Bits


Moved to new blog

In a previous article, I described the basics of binary arithmetic and gave a function to display the binary representation of a number. Here, we’ll look at several ways to count the set (1) bits in a number.

First of all, why would you want to count bits? Bitsets. If you use bitsets as a fast set implementation, you might want to find out how many elements there are in the set. I used this in a sudoku programme to memorise which digits can’t be placed in a particular cell. Bit counting functions are also used extensively in graphics (bitmap manipulations).

Here’s 22 in binary:
00010110

From the binary representation, it’s obvious that there are 3 set bits and 5 unset bits. How do you count them? I’ll give three methods.

Classic, let’s iterate through every bit, solution

The idea behind this is simple: take every bit in the number (n) and check if it’s 1. To do this, you can simply use a variable (i):

  1. initialise i with 1
  2. check if n AND i is greater than zero and if so, increment a counter
  3. multiply i by 2
  4. if i < n, go to 2

Here’s the code:

/* Count the ON bits in n using an iterative algorithm */
int bitcount(int n) {
	int tot = 0;

	int i;
	for (i = 1; i <= n; i = i<<1)
		if (n & i)
			++tot;

	return tot;
}

This isn’t bad and works in O(lg(n)) time, but if you know (you probably will) if the number is made up mostly of ones or zeros, use one of the following algorithms.

Sparse ones algorithm

This solution relies on the following observation:
2210 = 000101102
22 - 1 = 2110 = 000101012
22 AND 21 = 00010100

Notice what happened: by logically ANDing 22 and 21, you get a number whose binary representation is the same as 22 but with the last 1 flipped to 0.
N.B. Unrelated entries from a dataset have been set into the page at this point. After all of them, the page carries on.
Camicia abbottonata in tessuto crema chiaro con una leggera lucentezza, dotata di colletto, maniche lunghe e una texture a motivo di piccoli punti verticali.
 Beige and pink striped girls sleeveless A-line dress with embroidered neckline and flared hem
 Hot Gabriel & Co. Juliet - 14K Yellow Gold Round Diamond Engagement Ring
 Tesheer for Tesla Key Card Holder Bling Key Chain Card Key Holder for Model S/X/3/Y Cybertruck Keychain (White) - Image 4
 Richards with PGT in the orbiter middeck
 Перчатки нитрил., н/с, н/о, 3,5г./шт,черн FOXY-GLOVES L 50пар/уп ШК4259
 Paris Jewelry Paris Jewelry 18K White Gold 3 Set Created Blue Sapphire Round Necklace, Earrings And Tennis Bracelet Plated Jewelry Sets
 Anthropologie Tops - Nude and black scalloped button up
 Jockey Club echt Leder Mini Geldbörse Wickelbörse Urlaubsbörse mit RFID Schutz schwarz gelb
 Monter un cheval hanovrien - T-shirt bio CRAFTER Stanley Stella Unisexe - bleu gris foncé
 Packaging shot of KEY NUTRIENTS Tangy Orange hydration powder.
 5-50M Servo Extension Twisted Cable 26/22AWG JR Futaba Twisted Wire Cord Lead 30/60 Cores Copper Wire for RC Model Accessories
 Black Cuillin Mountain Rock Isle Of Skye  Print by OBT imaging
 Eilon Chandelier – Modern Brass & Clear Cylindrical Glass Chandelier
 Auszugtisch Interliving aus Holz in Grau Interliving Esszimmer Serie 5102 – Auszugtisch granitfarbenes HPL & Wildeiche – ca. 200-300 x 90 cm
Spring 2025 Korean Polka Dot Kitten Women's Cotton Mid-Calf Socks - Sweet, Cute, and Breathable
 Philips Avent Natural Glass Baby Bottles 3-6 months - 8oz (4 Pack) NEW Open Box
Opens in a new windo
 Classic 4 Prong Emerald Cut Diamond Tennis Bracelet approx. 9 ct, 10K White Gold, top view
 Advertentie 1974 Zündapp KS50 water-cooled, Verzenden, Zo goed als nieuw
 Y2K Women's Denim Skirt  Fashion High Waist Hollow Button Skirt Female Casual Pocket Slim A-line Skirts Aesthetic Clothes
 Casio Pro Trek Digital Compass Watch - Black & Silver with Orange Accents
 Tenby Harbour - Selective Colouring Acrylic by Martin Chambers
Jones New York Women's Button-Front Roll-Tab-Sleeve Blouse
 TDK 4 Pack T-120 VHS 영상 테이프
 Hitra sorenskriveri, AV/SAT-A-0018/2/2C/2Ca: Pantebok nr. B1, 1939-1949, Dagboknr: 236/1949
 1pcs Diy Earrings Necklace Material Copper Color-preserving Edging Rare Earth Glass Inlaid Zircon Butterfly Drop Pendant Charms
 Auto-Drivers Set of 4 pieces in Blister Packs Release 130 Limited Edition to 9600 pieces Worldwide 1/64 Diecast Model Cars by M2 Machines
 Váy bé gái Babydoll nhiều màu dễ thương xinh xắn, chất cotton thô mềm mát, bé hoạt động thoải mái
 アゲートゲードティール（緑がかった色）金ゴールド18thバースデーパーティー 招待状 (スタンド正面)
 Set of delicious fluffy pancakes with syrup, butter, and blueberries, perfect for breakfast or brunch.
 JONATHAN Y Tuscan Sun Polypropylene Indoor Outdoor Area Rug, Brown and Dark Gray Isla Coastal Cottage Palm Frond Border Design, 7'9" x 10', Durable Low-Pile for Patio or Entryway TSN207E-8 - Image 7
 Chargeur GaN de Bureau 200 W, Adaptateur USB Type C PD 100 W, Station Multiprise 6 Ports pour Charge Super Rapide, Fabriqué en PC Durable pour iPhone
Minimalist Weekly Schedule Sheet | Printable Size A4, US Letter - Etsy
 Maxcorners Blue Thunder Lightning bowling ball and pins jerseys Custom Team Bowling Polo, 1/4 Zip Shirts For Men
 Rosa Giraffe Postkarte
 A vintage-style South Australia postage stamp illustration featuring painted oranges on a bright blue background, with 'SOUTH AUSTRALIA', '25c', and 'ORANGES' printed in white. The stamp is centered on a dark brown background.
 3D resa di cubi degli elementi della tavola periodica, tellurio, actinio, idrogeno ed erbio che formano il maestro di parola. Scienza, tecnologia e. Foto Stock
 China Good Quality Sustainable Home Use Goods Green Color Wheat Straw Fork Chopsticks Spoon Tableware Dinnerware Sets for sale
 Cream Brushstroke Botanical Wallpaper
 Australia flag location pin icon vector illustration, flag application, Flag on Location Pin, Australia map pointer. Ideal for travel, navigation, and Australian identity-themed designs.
The idea behind this algorithm is to logically AND n and n – 1 until n is 0. The number of times necessary to do this will the the number of 1 bits.

Here’s the code:

/* Counts the ON bits in n. Use this if you know n is mostly 0s */
int bitcount_sparse_ones(int n) {
	int tot = 0;

	while (n) {
		++tot;
		n &= n - 1;
	}

	return tot;
}

Why call it sparse ones? Look at the algorithm, and apply it to a few numbers on a piece of paper. You’ll notice that you go through the inner loop the x times, where x is the number of 1s in the number. So the time is O(x), and it’s best to use it if there are few ones in the number.

Dense ones algorithm

But what if your number is mostly 1? The solution is obvious: flip every bit in n, then apply the sparse ones algorithm:

/* Counts the ON bits in n. Use this if you know n is mostly 1s */
int bitcount_dense_ones(int n) {
	int tot = 0;

	n ^= (unsigned int)-1;

	while (n) {
		++tot;
		n &= n - 1;
	}

	return sizeof(int) * 8 - tot;
}
Full source

Here’s the full C source to the programme (bit.c):
NOTE: Source is mangled by WordPress. Don’t copy-paste; download the file.

#include <stdio.h>

/* Print n as a binary number */
void printbits(int n) {
	unsigned int i, step;

	if (0 == n) { /* For simplicity's sake, I treat 0 as a special case*/
		printf("0000");
		return;
	}

	i = 1<<(sizeof(n) * 8 - 1);

	step = -1; /* Only print the relevant digits */
	step >>= 4; /* In groups of 4 */
	while (step >= n) {
		i >>= 4;
		step >>= 4;
	}

	/* At this point, i is the smallest power of two larger or equal to n */
	while (i > 0) {
		if (n & i)
			printf("1");
		else
			printf("0");
		i >>= 1;
	}
}

/* Count the ON bits in n using an iterative algorithm */
int bitcount(int n) {
	int tot = 0;

	int i;
	for (i = 1; i <= n; i = i<<1)
		if (n & i)
			++tot;

	return tot;
}

/* Counts the ON bits in n. Use this if you know n is mostly 0s */
int bitcount_sparse_ones(int n) {
	int tot = 0;

	while (n) {
		++tot;
		n &= n - 1;
	}

	return tot;
}

/* Counts the ON bits in n. Use this if you know n is mostly 1s */
int bitcount_dense_ones(int n) {
	int tot = 0;

	n ^= (unsigned int)-1;

	while (n) {
		++tot;
		n &= n - 1;
	}

	return sizeof(int) * 8 - tot;
}

int main(int argc, char *argv[]) {
	int i;
	for (i = 0; i < 23; ++i) {
		printf("%d = ", i);
		printbits(i);
		printf("\tON bits: %d %d %d", bitcount(i), bitcount_sparse_ones(i), bitcount_dense_ones(i));
		printf("\n");
	}

	return 0;
}

That’s it. If you’re intrested in a few more (slightly esoteric) algorithms, see this article.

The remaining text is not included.